» EXERCISE GOAL: Would you please output, word for word, the span of the listing below that opens on the line containing "Ariocarpus kotschoubeyanus x" and closes on the line containing "X0000095671082200801081204"? Include both ends and nothing more.

» DATASET RECORDS:
Content starts

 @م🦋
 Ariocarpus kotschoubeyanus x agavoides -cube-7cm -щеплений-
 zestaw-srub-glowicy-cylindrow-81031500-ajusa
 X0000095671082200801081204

Content ends
Content starts

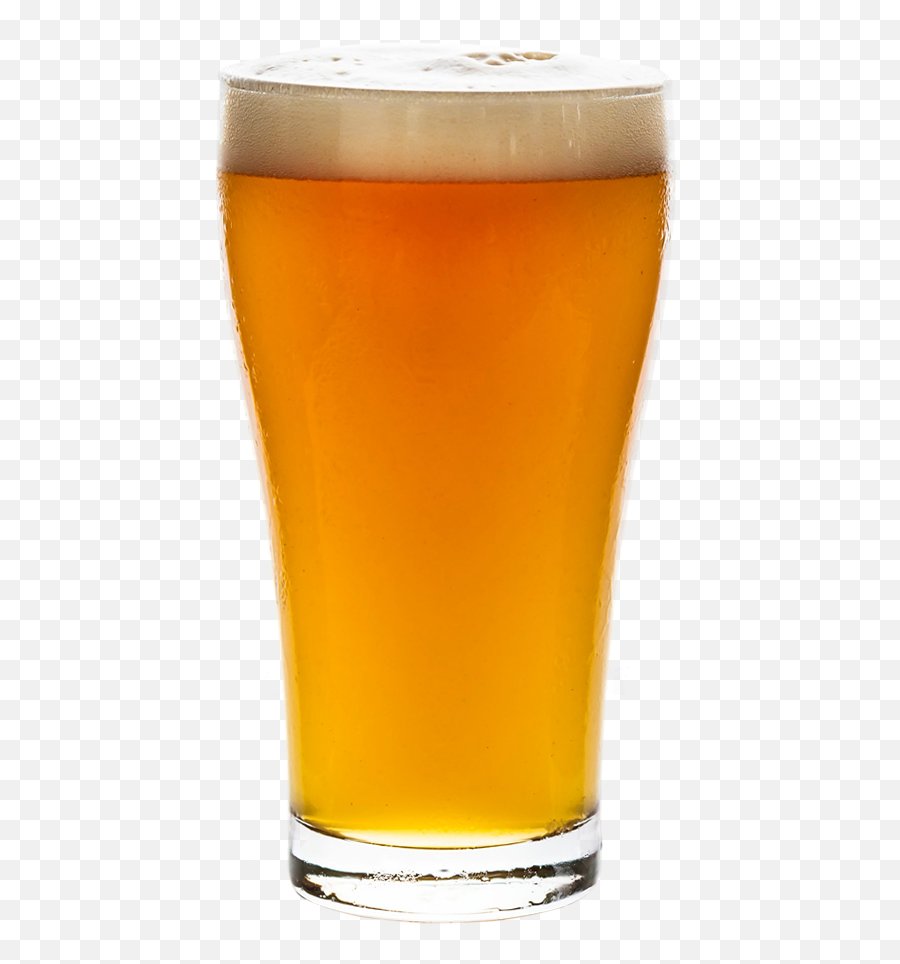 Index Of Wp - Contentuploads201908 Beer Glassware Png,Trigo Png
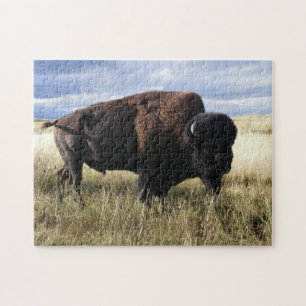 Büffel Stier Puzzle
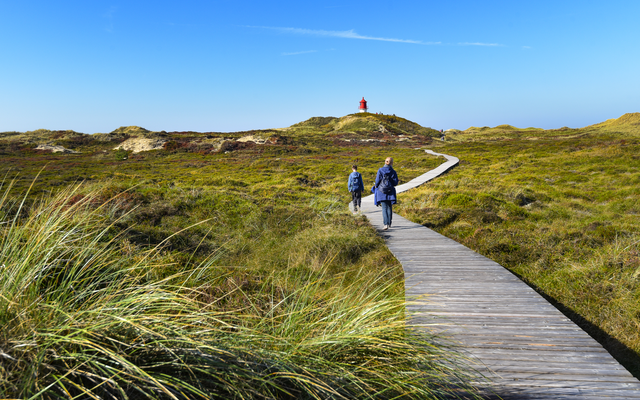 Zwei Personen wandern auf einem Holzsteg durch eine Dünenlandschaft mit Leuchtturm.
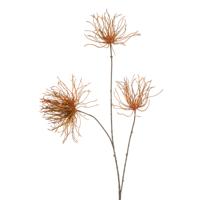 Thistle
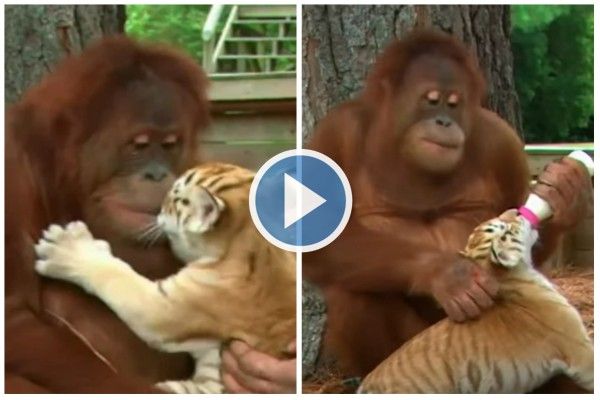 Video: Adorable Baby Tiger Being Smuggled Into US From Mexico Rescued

Content ends

» RESPONSE AREA:
 Ariocarpus kotschoubeyanus x agavoides -cube-7cm -щеплений-
 zestaw-srub-glowicy-cylindrow-81031500-ajusa
 X0000095671082200801081204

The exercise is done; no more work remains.